Fed’s Clarida Acknowledges ‘Much More Than Moderate Overshoot’ of Inflation Target
Federal Reserve Vice Chairman Richard Clarida said on Nov. 8 that inflation this year has been far higher than the Fed expected, and while he still believes inflationary pressures are transitory and will dissipate “over time,” a longer run of elevated prices would amount to a policy failure on the part of the central bank.
Clarida made the remarks in a speech at a virtual symposium on monetary policy frameworks hosted by the Washington-based Brookings Institution.
“Let me be clear on two points. First, realized PCE inflation so far this year represents, to me, much more than a ‘moderate’ overshoot of our 2 percent longer-run inflation objective, and I would not consider a repeat performance next year a policy success,” he said.

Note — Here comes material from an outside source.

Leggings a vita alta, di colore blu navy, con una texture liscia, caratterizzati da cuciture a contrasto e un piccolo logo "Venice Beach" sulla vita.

“Second, as always, there are risks to any outlook, and I and 12 of my colleagues believe that the risks to the outlook for inflation are to the upside.”
His remarks come as the Fed’s preferred inflation gauge, the so-called core PCE price index, rose in the 12 months through September at a pace of 3.6 percent, according to the most recent Commerce Department data, released on Oct. 29. The 3.6 percent core PCE growth in the year through September matched the June, July, and August figures, indicating that inflation stuck at its highest annual level in 30 years for the fourth month in a row.
Clarida said he expects core PCE inflation to run “at least” 3.7 percent for all of 2021, before reverting to 2.3 percent in 2022, 2.2 percent in 2023, and 2.1 percent in 2024.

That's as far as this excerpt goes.